The invention generally relates to measuring temperatures of workpieces to be treated by glow discharge for carburizing, decarburizing, metalizing, hardening or the like and, more particularly, to measuring temperatures of workpieces to be nitrided in the presence of a nitrogeneous atmosphere, commonly ammonia gas.
For example, the nitrogen case-hardening process which is termed "nitriding" consists in subjecting machined and preferably heat-treated parts to the action of a nitrogeneous medium, commonly partially dissociated ammonia gas, under certain conditions whereby surface hardness is imparted to the material without necessitating any further treatment. The nitriding process imparts to the metal to be case-hardened vastly improved properties such as increased wear resistance, retention of hardness at elevated temperatures, and resistance to certain types of corrosion.
It has been proposed to nitride a workpiece by electrically connecting a container in which a workpiece is accommodated to a positive terminal of an electrical current source, and by electrically connecting the workpiece itself to a negative terminal of the electrical current source.
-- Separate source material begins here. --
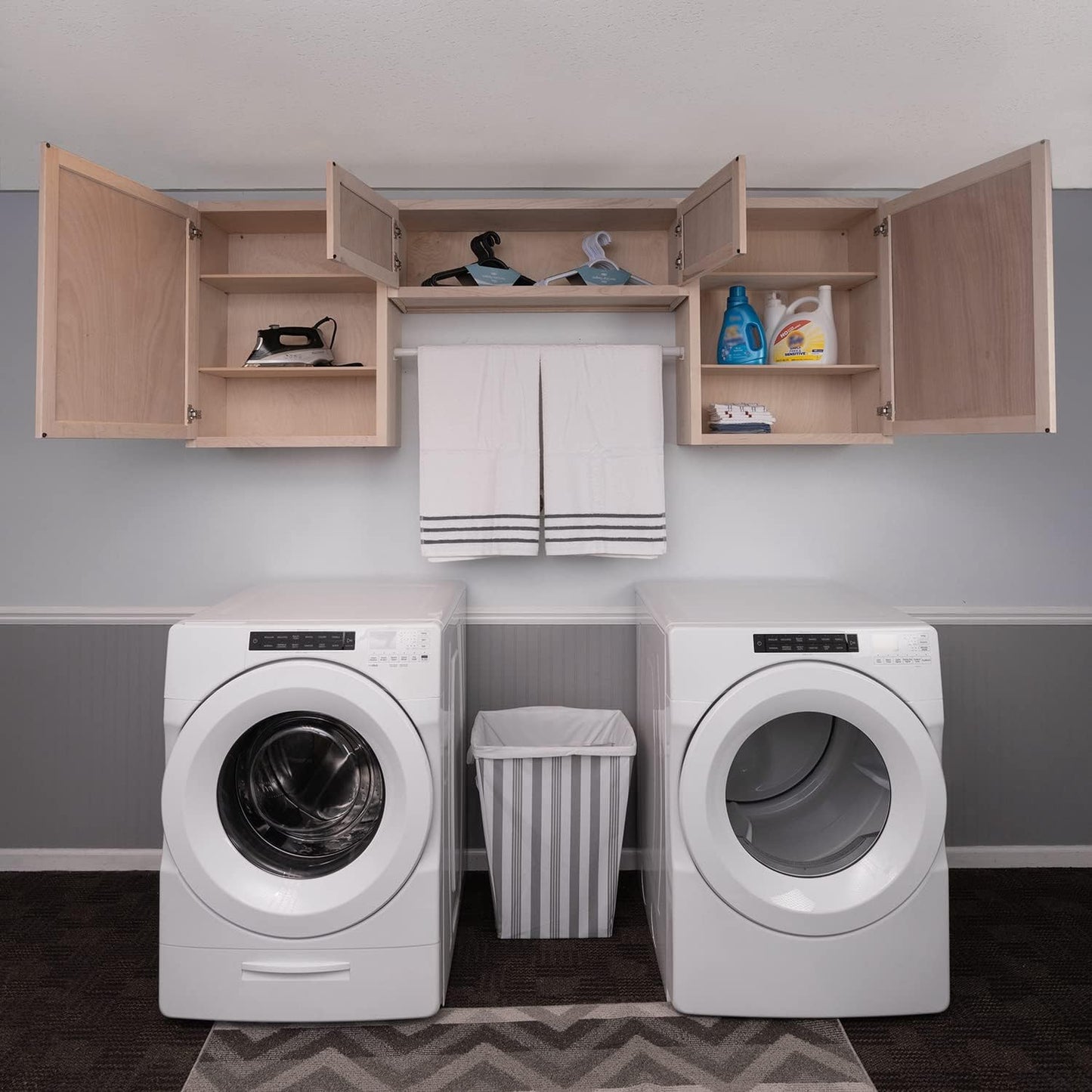 Laundry Room 3 Cabinet Set Raw Maple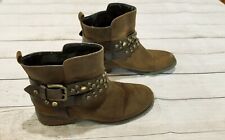 Unique Womens Ankle Boots Sz 8.5  Almond Toe Brown Western Buckle Stud Bling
The source is of sufficient strength to establish an electrical potential or voltage gradient between the container and the workpiece so as to produce about the exterior surface of the workpiece a glow discharge field which accelerates the ions in the nitrogeneous atmosphere surrounding the workpiece to thereby heat the workpiece and harden the exterior surface of the latter. A glow discharge is a discharge brought about as a result of ionization of a gas medium surrounding a conductor.
It has been proposed to measure the temperature to which the workpiece is heated by inserting a thermal sensor element, such as a thermocouple, in a bore either already available or deliberately machined in the workpiece. However, the wires, which conduct the electrical signal generated from the temperature detected at the heated workpiece in direction towards the exterior of the container to an indicating instrument, intersect and pass through the glow discharge field. This results in the decided disadvantage that the ionized field undesirably influences and interferes with the electrical signal carried by the wires and that atoms can be embedded in the thermocouple and wire material which influence the signals, too. The measurement data is no longer accurate or reliable. In extrem cases of ion concentration the sensor element can be fully destroyed.
Furthermore it is only possible to measure at a relatively large distance relative to the exterior surface of the workpiece. However, this necessitates a rather long waiting time until the heat at the exterior surface of the workpiece reaches the deeply embedded sensor element. This is evidently a very inefficient technique.